Has anyone tried osmunda/fern roots for things like lowii etc or for baskets?
Does it last longer than bark/chc?
I have some old books that say to mix it 50/50 with shpag/leaves. 
What about tree fern?


----------



## ehanes7612 (Nov 24, 2011)

Stone said:


> Has anyone tried osmunda/fern roots for things like lowii etc or for baskets?
> Does it last longer than bark/chc?
> I have some old books that say to mix it 50/50 with shpag/leaves.
> What about tree fern?



anything lasts longer than CHC :rollhappy:


----------



## jtrmd (Nov 24, 2011)

I never thought about trying paphs in tree fern fiber.Have any of you?


----------



## likespaphs (Nov 24, 2011)

isn't tree fern hard to come by anymore?


----------



## Stone (Nov 24, 2011)

likespaphs said:


> isn't tree fern hard to come by anymore?



Luckily I can get as much as I want for next to nothing but I don't know how long that situation will last.


----------



## jtrmd (Nov 24, 2011)

likespaphs said:


> isn't tree fern hard to come by anymore?



I have a trash bag full for now,but havent tried to buy it in a long time.


----------



## Rick (Nov 24, 2011)

I have a handful of plants mounted on tree fern plaques. It holds up OK.

CHC holds up fine for me in pots when I use it (especially aircone pots), but I quit using it for lack of consistent long term root growth. (In retrospect I think it was all due to K accumulation).

I have since started up using CHC again on a handful of lowii and callosum seedlings (which historically did poorly for me in CHC) and so far results are good while keeping the K away from them. But they haven't been in it for over a year yet.

I have some catts and encyclia that have been in the same chc mix for years.

But back to tree fern, its not a common enough option to add to the array of stuff I already experiment with to put it on the list.


----------



## Stone (Nov 24, 2011)

Rick said:


> .
> 
> 
> 
> ...


----------



## paphioboy (Nov 24, 2011)

I have heard from other growers that plants on tree fern mounts (non-paphs) grow very nicely for the first few years and then deteriorate quickly after some point. But I have seen very nice paphs in tree fern baskets. Hardy (from Indonesia) grows paphs in birds nest fern fibre and so did I.


----------



## Stone (Nov 24, 2011)

paphioboy said:


> I have heard from other growers that plants on tree fern mounts (non-paphs) grow very nicely for the first few years and then deteriorate quickly after some point. But I have seen very nice paphs in tree fern baskets. Hardy (from Indonesia) grows paphs in birds nest fern fibre and so did I.

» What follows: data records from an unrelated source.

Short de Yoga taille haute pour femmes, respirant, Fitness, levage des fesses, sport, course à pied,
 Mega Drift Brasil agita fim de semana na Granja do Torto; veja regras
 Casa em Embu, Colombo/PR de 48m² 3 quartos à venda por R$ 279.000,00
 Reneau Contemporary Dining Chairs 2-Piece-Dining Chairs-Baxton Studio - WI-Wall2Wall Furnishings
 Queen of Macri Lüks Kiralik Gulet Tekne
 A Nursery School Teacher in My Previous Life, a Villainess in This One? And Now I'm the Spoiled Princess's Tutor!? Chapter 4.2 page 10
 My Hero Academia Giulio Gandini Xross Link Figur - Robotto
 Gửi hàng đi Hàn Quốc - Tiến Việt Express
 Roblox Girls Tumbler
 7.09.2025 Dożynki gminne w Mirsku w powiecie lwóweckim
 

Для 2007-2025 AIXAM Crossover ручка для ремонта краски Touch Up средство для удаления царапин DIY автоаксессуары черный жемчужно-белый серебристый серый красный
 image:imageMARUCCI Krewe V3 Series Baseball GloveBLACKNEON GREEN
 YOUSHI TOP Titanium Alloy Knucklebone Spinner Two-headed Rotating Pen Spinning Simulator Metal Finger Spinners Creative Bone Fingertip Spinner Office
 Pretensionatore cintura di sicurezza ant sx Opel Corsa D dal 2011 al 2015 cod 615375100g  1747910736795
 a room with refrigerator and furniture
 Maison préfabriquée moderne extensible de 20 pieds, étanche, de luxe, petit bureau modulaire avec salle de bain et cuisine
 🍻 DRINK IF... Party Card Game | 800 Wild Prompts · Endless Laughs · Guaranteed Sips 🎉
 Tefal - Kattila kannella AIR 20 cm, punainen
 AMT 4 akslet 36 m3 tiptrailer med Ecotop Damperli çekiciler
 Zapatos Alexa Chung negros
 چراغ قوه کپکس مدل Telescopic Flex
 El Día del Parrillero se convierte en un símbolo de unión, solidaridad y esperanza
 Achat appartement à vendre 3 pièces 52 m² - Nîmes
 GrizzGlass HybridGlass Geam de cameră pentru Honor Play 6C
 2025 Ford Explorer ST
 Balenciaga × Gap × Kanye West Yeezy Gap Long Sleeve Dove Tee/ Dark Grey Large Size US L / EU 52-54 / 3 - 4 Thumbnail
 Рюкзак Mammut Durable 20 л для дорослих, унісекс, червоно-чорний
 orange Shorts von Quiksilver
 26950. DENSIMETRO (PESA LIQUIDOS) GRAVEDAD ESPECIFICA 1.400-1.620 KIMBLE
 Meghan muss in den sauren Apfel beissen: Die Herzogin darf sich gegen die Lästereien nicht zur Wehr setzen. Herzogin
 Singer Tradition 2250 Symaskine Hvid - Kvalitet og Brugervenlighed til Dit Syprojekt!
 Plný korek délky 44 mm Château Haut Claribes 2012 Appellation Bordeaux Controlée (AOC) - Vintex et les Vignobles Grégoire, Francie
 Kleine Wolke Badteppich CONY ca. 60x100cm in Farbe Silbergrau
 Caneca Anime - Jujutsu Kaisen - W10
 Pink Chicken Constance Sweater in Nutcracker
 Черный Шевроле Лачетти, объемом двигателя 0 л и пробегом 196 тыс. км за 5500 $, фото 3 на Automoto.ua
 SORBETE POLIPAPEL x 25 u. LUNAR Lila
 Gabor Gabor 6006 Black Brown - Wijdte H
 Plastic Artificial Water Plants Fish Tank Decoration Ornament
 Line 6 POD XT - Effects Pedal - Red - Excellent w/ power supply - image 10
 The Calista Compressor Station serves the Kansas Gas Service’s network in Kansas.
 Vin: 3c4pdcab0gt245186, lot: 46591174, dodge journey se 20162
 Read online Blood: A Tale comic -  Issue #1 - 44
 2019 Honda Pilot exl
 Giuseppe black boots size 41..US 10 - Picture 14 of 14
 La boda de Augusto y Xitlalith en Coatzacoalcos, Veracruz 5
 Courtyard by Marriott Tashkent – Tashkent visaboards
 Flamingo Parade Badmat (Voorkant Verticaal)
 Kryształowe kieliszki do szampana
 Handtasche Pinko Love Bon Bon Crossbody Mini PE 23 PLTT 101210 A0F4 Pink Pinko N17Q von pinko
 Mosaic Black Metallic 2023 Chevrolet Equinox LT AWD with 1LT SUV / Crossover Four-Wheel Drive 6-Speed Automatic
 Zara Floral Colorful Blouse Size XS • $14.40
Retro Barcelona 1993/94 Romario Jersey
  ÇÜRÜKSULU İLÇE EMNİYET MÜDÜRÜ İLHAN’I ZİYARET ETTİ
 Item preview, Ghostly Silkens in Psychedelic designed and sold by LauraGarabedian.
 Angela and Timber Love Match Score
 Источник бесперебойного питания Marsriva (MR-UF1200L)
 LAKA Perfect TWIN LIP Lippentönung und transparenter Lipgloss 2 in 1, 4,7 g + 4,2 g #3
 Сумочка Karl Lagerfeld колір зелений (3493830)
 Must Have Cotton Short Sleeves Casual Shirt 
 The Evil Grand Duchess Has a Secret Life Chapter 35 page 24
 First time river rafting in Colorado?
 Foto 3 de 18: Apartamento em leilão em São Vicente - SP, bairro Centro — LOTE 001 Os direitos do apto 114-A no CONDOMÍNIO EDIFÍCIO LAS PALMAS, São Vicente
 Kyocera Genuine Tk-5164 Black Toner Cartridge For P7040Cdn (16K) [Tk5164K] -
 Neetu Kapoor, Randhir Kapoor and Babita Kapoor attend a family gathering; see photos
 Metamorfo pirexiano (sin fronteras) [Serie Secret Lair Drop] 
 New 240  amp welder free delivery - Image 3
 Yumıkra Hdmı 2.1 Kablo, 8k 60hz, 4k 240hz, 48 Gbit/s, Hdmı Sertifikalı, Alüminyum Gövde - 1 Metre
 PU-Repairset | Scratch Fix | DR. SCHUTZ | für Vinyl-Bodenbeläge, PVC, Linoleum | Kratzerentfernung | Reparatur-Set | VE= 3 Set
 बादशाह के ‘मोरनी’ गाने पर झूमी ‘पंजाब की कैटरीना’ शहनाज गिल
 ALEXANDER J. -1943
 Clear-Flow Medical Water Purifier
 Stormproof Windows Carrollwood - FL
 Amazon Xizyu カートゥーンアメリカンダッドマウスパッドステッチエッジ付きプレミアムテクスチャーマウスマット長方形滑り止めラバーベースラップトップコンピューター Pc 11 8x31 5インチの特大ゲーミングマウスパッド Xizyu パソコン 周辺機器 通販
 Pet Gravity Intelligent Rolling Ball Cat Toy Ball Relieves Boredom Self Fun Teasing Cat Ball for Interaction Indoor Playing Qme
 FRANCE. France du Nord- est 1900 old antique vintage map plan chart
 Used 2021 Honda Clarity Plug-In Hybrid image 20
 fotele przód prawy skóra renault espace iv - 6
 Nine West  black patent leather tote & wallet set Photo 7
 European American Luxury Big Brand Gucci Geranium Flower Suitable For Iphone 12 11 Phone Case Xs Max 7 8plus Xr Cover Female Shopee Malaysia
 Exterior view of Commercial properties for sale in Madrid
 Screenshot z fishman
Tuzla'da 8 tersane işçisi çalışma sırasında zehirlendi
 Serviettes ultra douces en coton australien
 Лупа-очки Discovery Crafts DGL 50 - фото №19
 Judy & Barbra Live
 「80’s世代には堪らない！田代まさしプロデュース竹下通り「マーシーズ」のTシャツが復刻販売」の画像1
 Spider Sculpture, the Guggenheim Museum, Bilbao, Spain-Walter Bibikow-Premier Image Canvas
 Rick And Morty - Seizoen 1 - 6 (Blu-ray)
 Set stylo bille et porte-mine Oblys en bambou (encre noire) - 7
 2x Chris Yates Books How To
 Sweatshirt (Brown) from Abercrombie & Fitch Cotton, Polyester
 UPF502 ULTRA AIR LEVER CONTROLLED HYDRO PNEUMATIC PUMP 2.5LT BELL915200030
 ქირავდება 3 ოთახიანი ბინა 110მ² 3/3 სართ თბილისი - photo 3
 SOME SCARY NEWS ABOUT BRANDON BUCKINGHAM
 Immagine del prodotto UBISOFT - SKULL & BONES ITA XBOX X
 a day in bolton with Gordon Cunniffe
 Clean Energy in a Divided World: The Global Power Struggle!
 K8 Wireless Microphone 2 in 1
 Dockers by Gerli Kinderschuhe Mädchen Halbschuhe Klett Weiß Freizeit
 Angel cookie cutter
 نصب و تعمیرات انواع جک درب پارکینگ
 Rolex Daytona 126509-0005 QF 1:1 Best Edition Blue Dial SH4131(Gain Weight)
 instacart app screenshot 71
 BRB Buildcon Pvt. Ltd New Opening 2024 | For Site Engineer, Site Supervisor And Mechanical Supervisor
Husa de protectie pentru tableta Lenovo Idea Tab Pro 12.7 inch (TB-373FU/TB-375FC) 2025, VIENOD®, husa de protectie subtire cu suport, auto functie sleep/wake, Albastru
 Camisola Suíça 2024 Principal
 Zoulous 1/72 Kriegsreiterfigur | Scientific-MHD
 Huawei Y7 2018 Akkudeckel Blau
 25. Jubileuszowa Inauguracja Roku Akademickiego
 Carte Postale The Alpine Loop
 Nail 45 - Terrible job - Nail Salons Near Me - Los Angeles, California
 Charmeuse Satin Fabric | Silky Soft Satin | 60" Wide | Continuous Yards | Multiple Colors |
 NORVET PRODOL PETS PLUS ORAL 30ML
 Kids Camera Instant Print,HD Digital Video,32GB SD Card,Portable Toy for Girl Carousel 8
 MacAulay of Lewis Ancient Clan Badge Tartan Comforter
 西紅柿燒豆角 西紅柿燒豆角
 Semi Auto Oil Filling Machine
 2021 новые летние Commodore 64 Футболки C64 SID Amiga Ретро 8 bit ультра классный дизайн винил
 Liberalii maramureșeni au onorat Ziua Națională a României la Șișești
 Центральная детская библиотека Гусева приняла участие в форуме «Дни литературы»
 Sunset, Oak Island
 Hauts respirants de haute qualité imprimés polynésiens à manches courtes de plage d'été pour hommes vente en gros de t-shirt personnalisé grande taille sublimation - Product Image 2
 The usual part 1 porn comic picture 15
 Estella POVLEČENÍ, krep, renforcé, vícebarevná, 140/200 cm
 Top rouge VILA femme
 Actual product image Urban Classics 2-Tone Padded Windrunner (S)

I've had oncids. sophro. dends. etc. on tree fern mounts for years, one dockrillea linguiforme for almost 20 and they all thrive. The trick is to dunk them in some lime solution once or twice a year and let them get dry before watering. But paphs in pots?


----------



## paphioboy (Nov 24, 2011)

Stone said:


> I've had oncids. sophro. dends. etc. on tree fern mounts for years, one dockrillea linguiforme for almost 20 and they all thrive. The trick is to dunk them in some lime solution once or twice a year and let them get dry before watering. But paphs in pots?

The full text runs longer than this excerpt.